WORK REQUIRED
Leave out the pictures, and copy exactly the lines from the line with "Beautiful young aisan" through the last line of the data below.

THE RECORDS
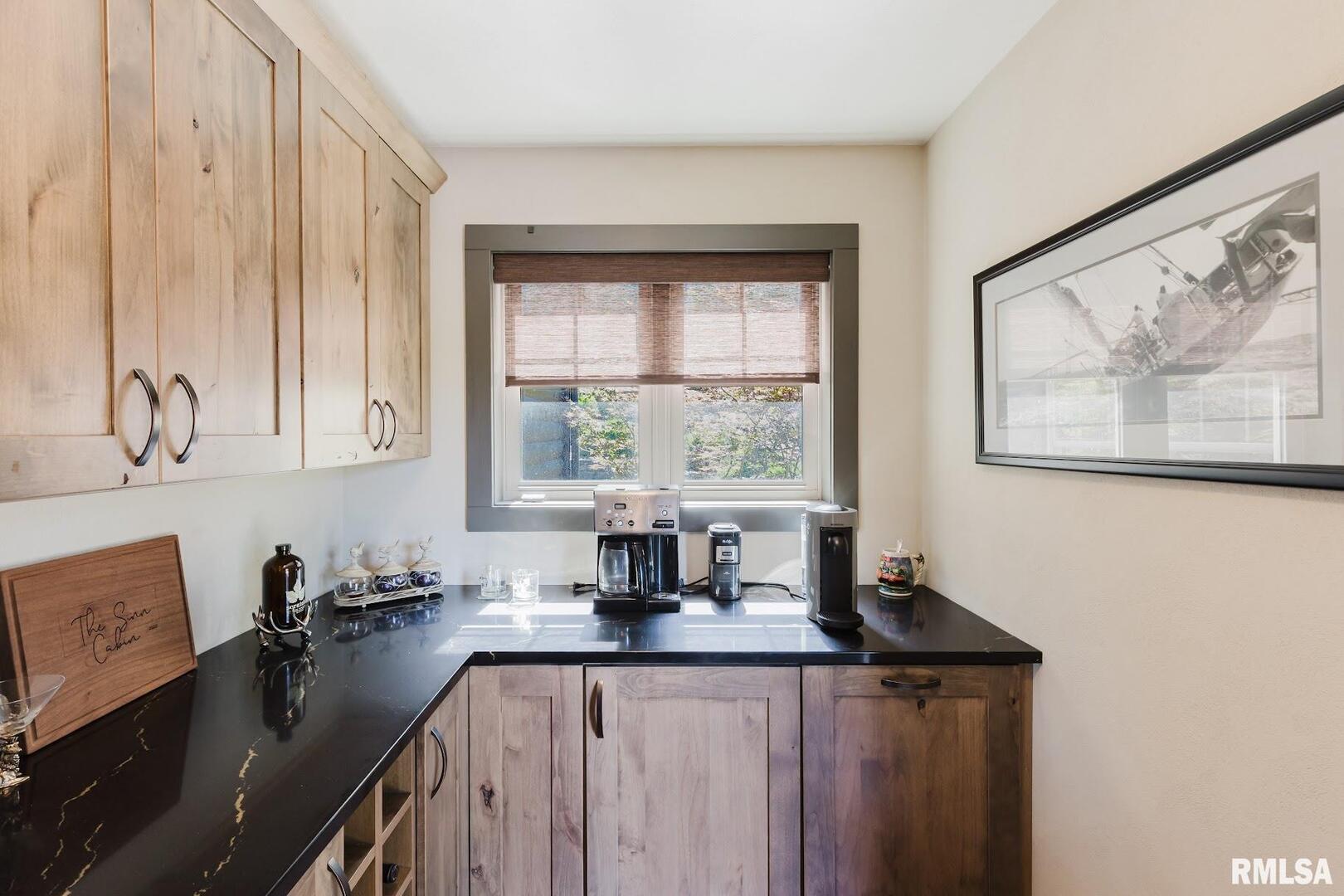 3525 Parrish Ridge Lane Goreville, IL 62939 - Photo 43 of 86 a kitchen with a window a sink and cabinets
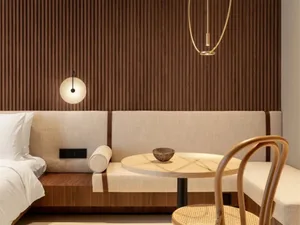 A modern hotel room with wooden paneling, a circular table, and a bed.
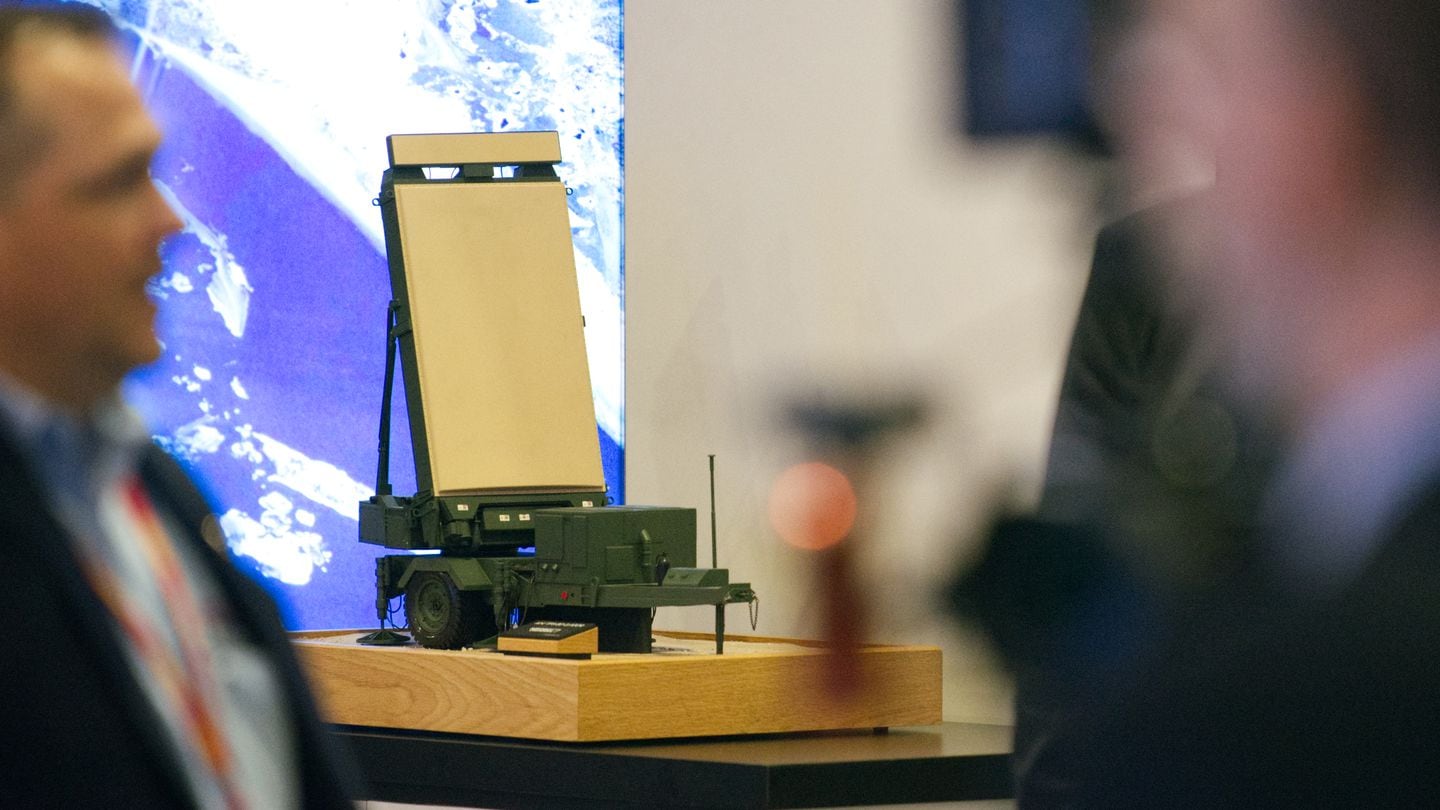 A model of Northrop Grumman's Ground/Air Task-Oriented Radar stands at the company's booth at the 2024 Sea-Air-Space defense conference. The G/ATOR setup is used by Marines. (Colin Demarest/C4ISRNET)
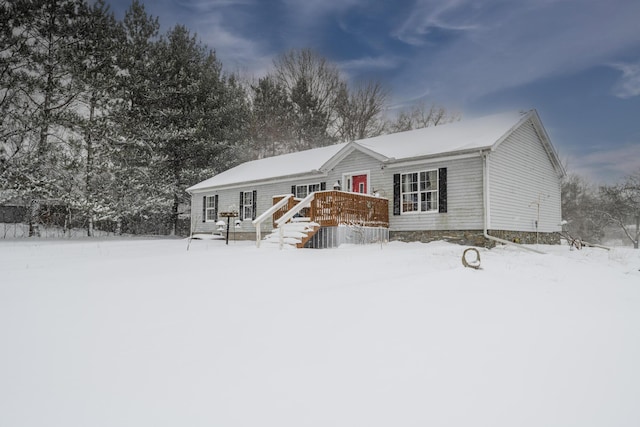 snow covered property with a wooden deck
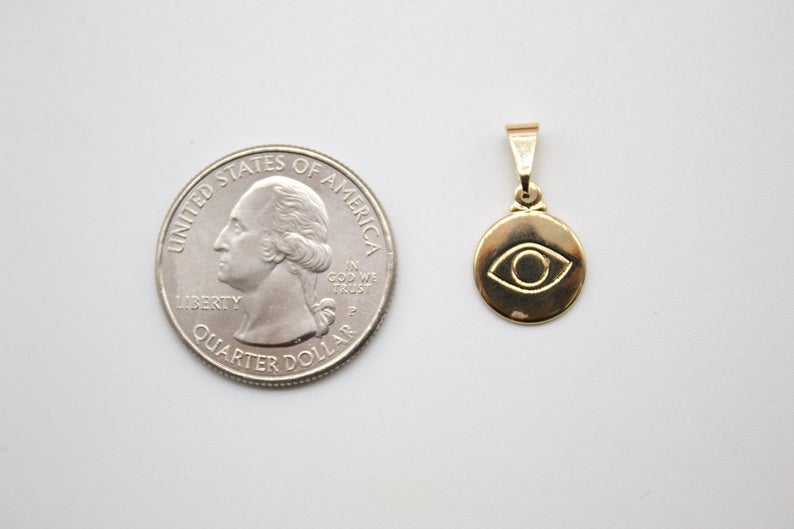 A small gold evil eye pendant rests next to a US quarter coin for size comparison on a white surface.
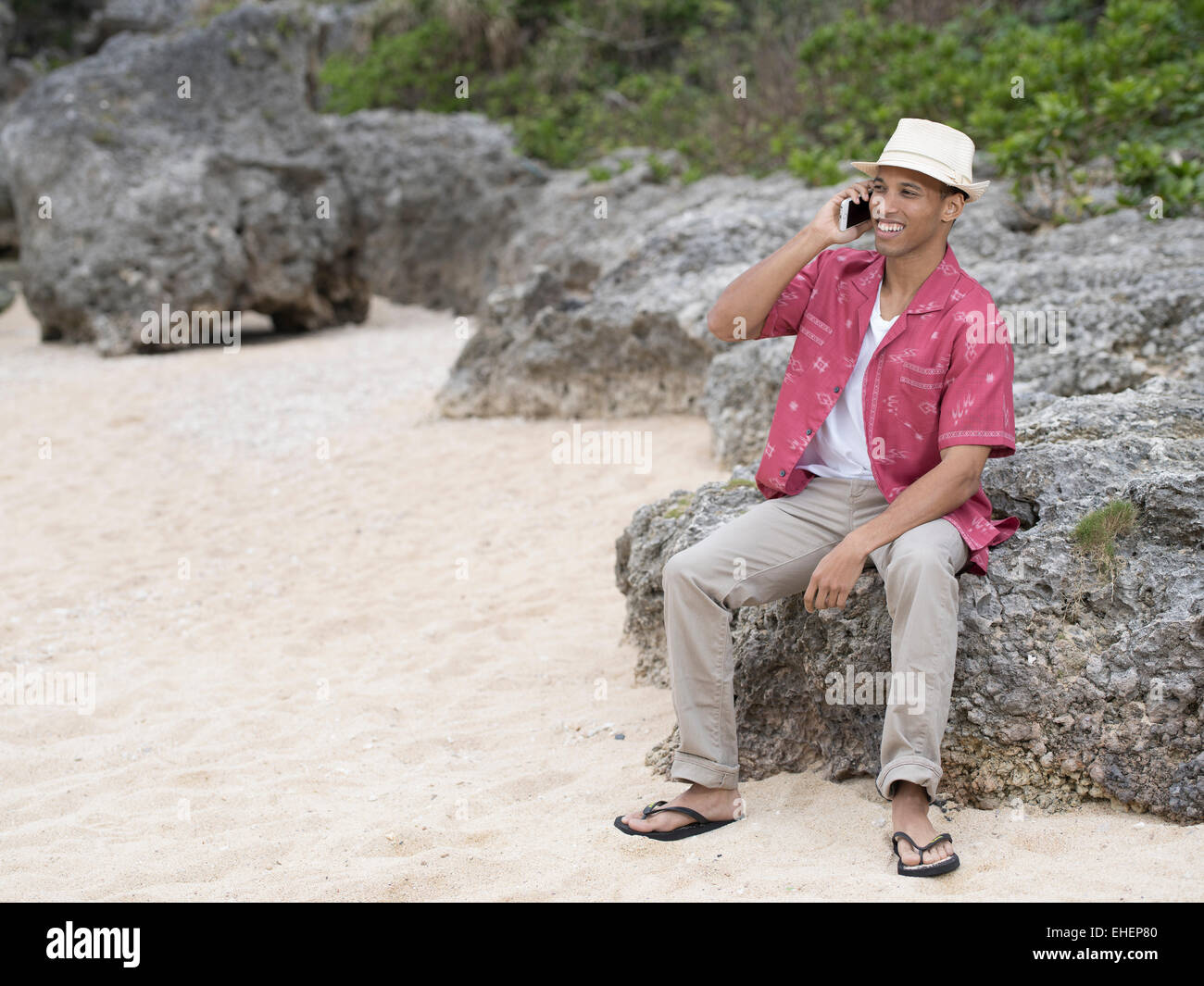 Man calling / telephoning with Apple iphone 6 smartphone while at the beach Stock Photo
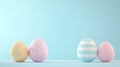 Pastel colored Easter eggs with polka dots and waves on soft blue background Royalty Free Stock Photo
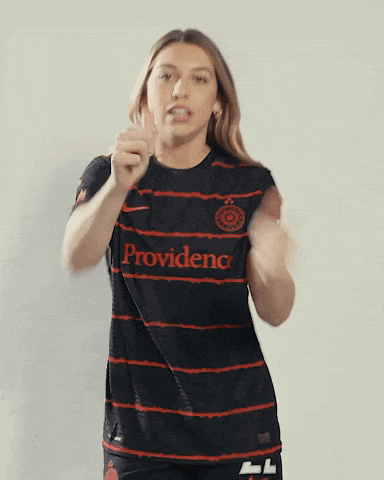 a woman wearing a black and red striped shirt that says providence on it
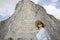 Beautiful young aisan woman is standing and smile on the background of mountain with golden statue of buddha on a hillside, Buddha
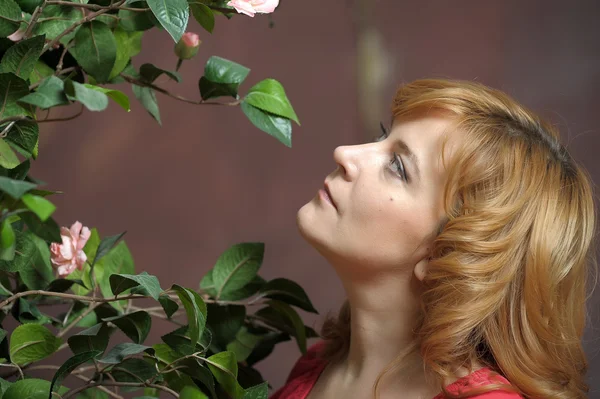 Young woman next to a bush of roses — Stock Photo, Image
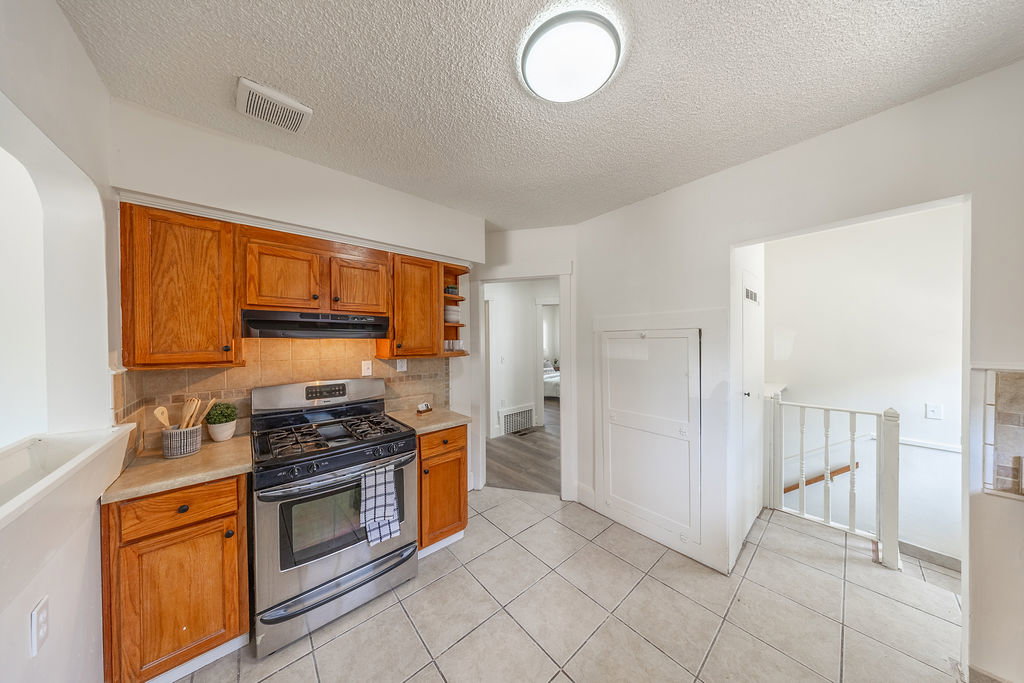 Kitchen featuring wood cabinetry, stainless steel range with overhead ventilation, stone-look countertops, and a tiled backsplash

OUTPUT OF THE EXERCISE
 Beautiful young aisan woman is standing and smile on the background of mountain with golden statue of buddha on a hillside, Buddha
 Young woman next to a bush of roses — Stock Photo, Image
 Kitchen featuring wood cabinetry, stainless steel range with overhead ventilation, stone-look countertops, and a tiled backsplash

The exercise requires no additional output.